Well, the answer is fairly broad. Let’s face it, someone looking to buy their first property in London will have to shell out a lot more than someone looking to purchase real estate in the likes of Manchester or Liverpool.
Check out this handy first-time buyer guide to property investment…
A report from comparison website GoCompare has concluded that the average UK first-time buyer will need to take home an average salary of £50,000 per year in order to get on the property ladder.
High property prices means that the average wage is below the minimum to buy a property in 51 out of 65 UK cities.
The report shows a divide in the country when it comes to affordability. Property prices in London, the south and the south east are generally higher than the rest of the UK, making it more expensive for buyers to purchase property.
London by far requires the highest salary to buy. Buyers would need to earn £140,000 per year to buy a flat in the capital.

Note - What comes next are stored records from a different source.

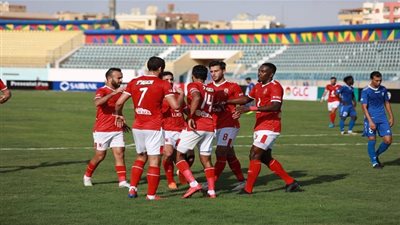 3 أسماء على طاولة فايلر.. الأهلي يقترب من حسم صفقة مميزة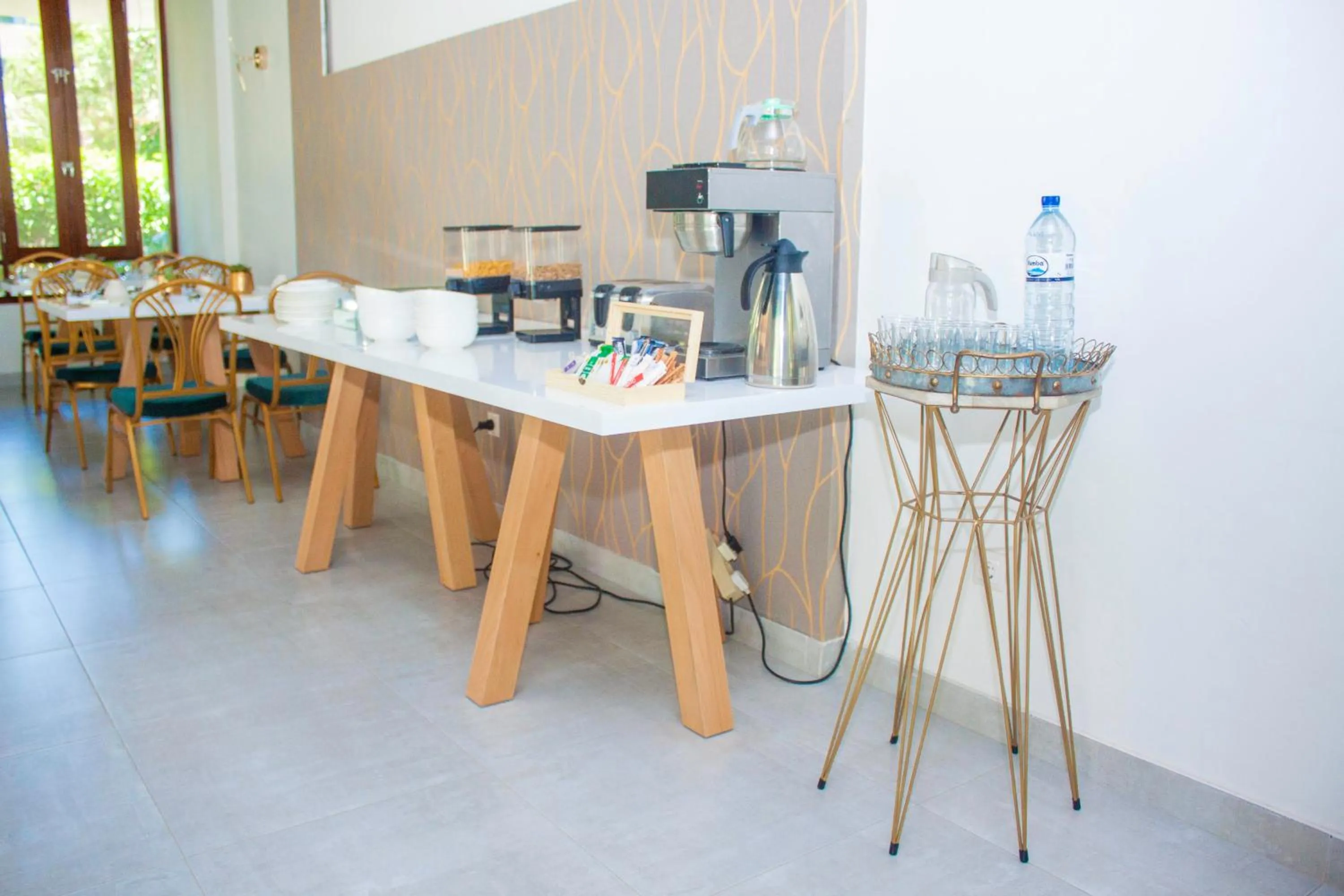 Restaurant/places to eat in Angel Boutique Hotel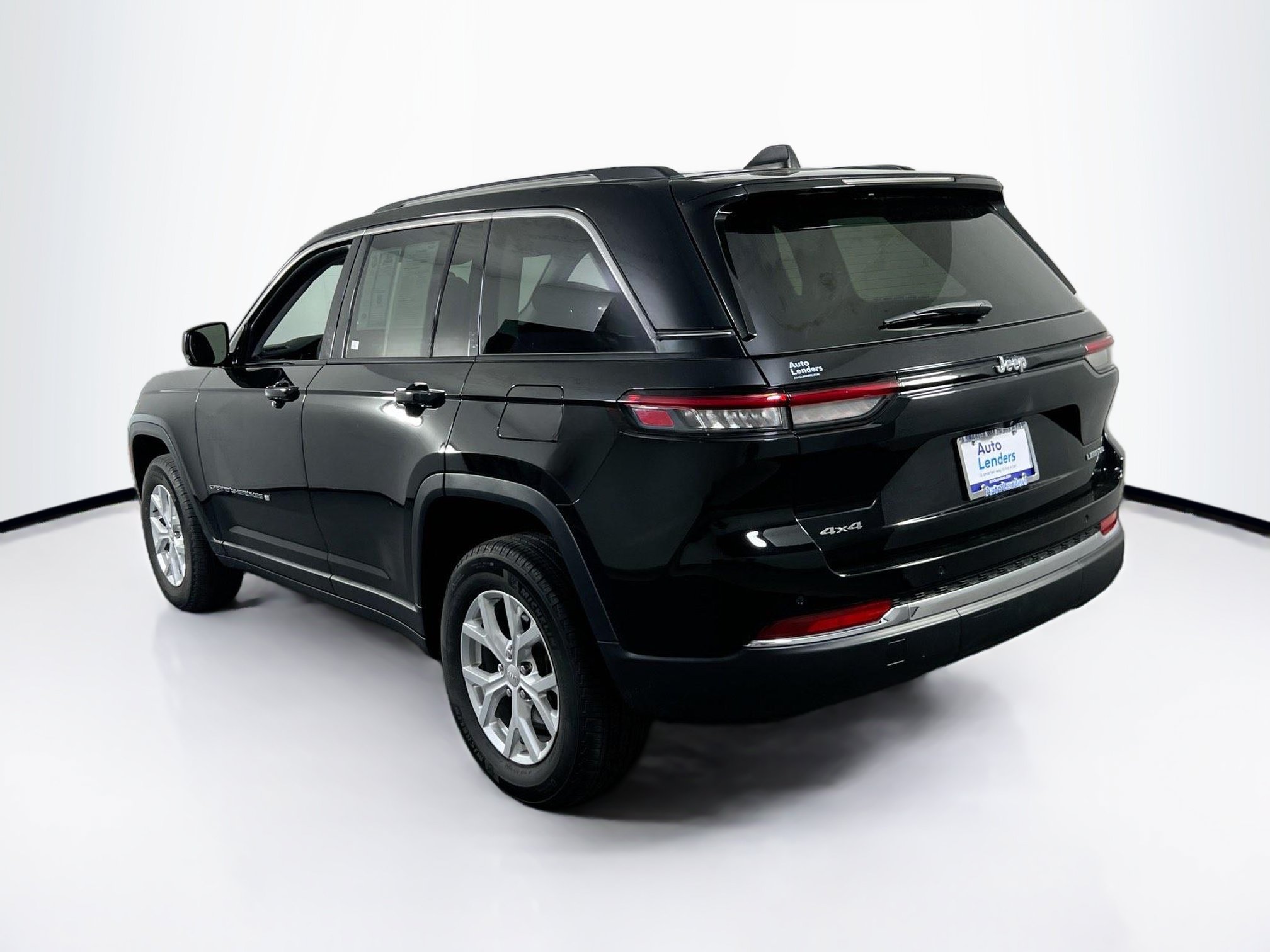 Used 2023 Jeep Grand Cherokee Limited AWD/4WD image 7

Blackburn has been ranked the most affordable place to buy. The report determines that a £14,000 salary could be enough to get a first-time buyer onto the property market. After Blackburn, Hull, Blackpool, Grimsby and Stoke-on-Trent are the most affordable areas.
Ben Wilson, home insurance expert at GoCompare commented: ‘Although owning a home may be achievable in places like Blackburn and Sunderland, in other parts of the country the rapid rise in property value and a growing urban population is pricing many of the British public out of home ownership.
‘London’s high prices are well documented, but it’s in other parts of the south of England that the gap between average salary and average house price is at its most alarming, with places like Brighton requiring a minimum household income of £180,000 to afford a detached house,’ Wilson added.